The problem with selling God and the full God product line like this is that these claims are untrue. Just because God had an intention in creating us it doesn't give us purpose. He could have made you to be a paperweight, but that wouldn't mean you'd get a warm fuzzy feeling whenever you stood on loose paper. Significance and purpose is something that comes from the nature of what people do. Being a paperweight is not as significant as saving a child from the clutches of fearsome death. Whether or not you were created to save children from angry bears doesn't have any bearing on how meaningful that act is. A person's sense of significance, meaning and purpose is determined from their mental map of the world - and for many people that map doesn't include God. Anything can feel significant, meaningful and purposeful if people deem it to be so, based on their values and ethical compass. People don't need God to tell them their True Purpose™ to live purposefully in positive ways that are meaningful and significant even by Christian standards.

The God-Shaped Hole™ of unhappy incompleteness is a dangerously ambiguous name for the implacable but deeply felt shortcomings in people's lives. If people feel an emptiness in their life Christians all too quickly assume it's because they're disconnected from God rather than because they need to learn to build deeper friendships. If they're feeling depressed, they don't need to deal and resolve the underlying issues, they just need to rest in God's loving grace and allow Him to resolve it. In fact, you can adopt a very harmful mental map of the world, and think the problems in your life will all go away if you have a good Relationship with God™ without dealing with the actual reasons you are making your life into suffering.
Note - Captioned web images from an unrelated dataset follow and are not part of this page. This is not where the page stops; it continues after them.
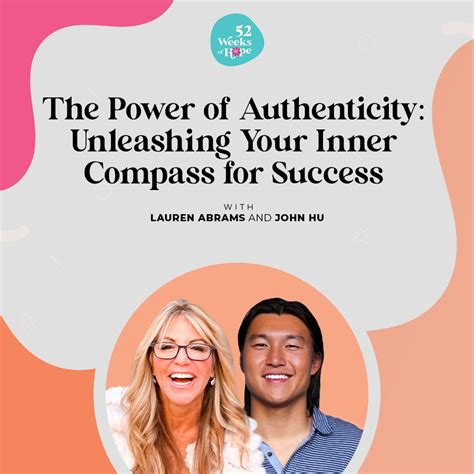 Unleashing the Power of Authenticity: A Comprehensive Exploration of Lauren Pisciotta's Inspiring Journey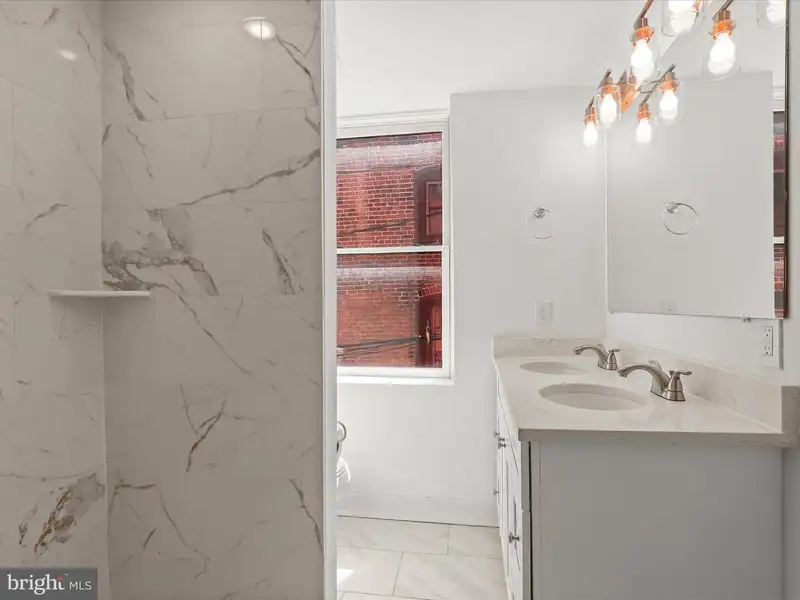 Fully Renovated Six-unit Property in Mount Vernon, Baltimore with Modern Finishes and Parking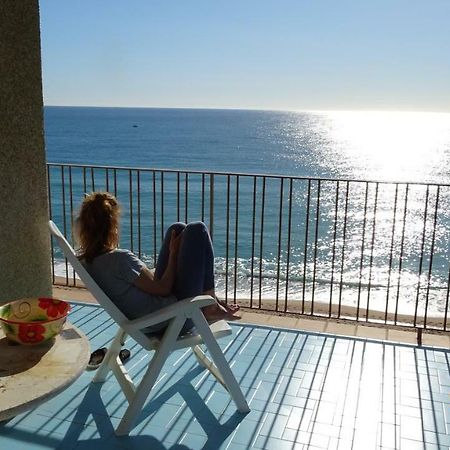 Apartament La Vista Bonica Blanes Exterior photo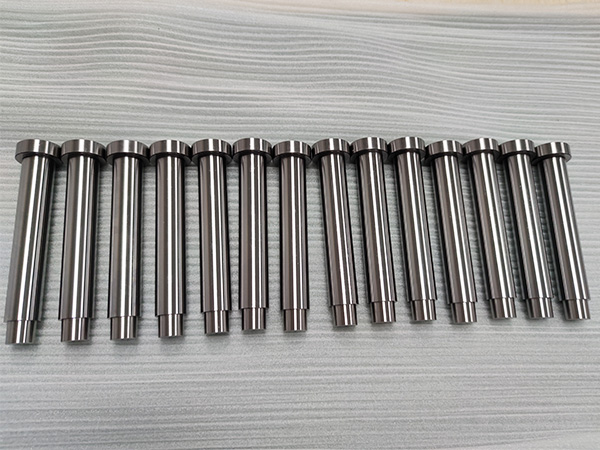 压铸模具零件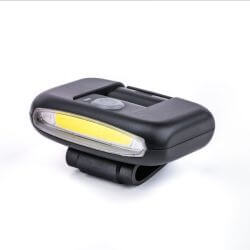 Nextorch Cliplampe UT10 Kopflampe 0 Volt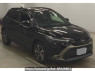 Used 2021 AT toyota corolla-cross ZSG10 Image[0]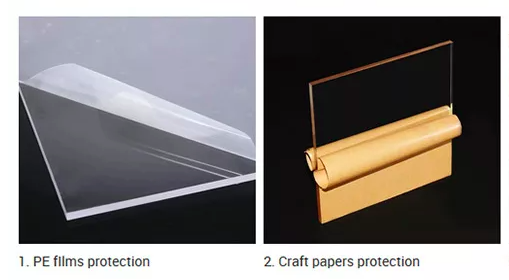 Wholesale Price Green Color Customized Plastic Cast Acrylic Sheet 8x4 Feet 1220x2440mm 10mm 12mm
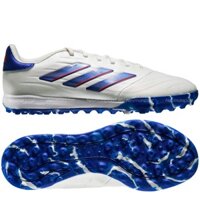 Giày đá bóng adidas Copa Pure 2 Elite TF Advancement - Footwear White/Lucid Blue/Solar Red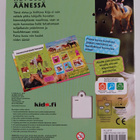 Hevoset äänessä - 50 ääntä - pikkukuva 2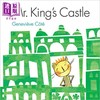 【中商原版】Genevieve Cote: Mr. King's Castle 金先生的城堡 英文原版 精品绘本 动物故事 4-6岁 商品缩略图0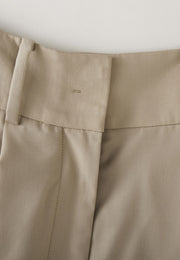 Billie Water & Wind-Resistant Parachute Pants in Recycled Fabric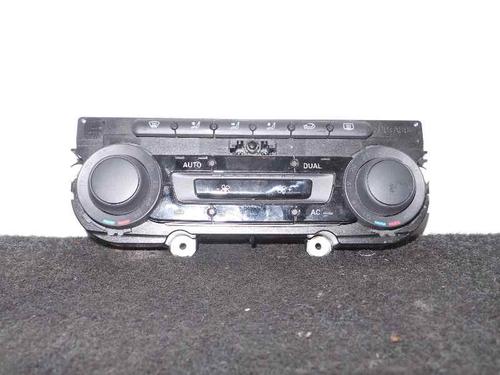 Used Climate control SEAT ALTEA XL (5P5, 5P8) 1.2 TSI (105 hp) 5782322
What I'm saying is that many Christians have a paradigm that prevents them from maturing into healthy people. Rather than addressing and leaning to competently deal with some of the deep issues in life, some Christians look to their personal Relationship with God™. I have learned that many of the issues I've discussed above are caused by poor mental maps of the world and patterns of thinking about life, and that these can be corrected through very down-to-earth means. Christians, though, seem to dismiss such ideas and instead misdiagnose the cause and cure of these kinds of problems as revolving around their Relationship with God™. A common Christian mindset is that we should be dependent on God. We should not learn to stand on our own two psychological feet as mature and capable adults; instead we should learn to be as dependent on God as possible, because that's allegedly healthy. So it comes as no surprise to me that many Christians give away their own Relationship with God™ when after several years the reality dawns on them that it isn't a cure-all that will exempt them from having to deal with the issues of life like everyone else.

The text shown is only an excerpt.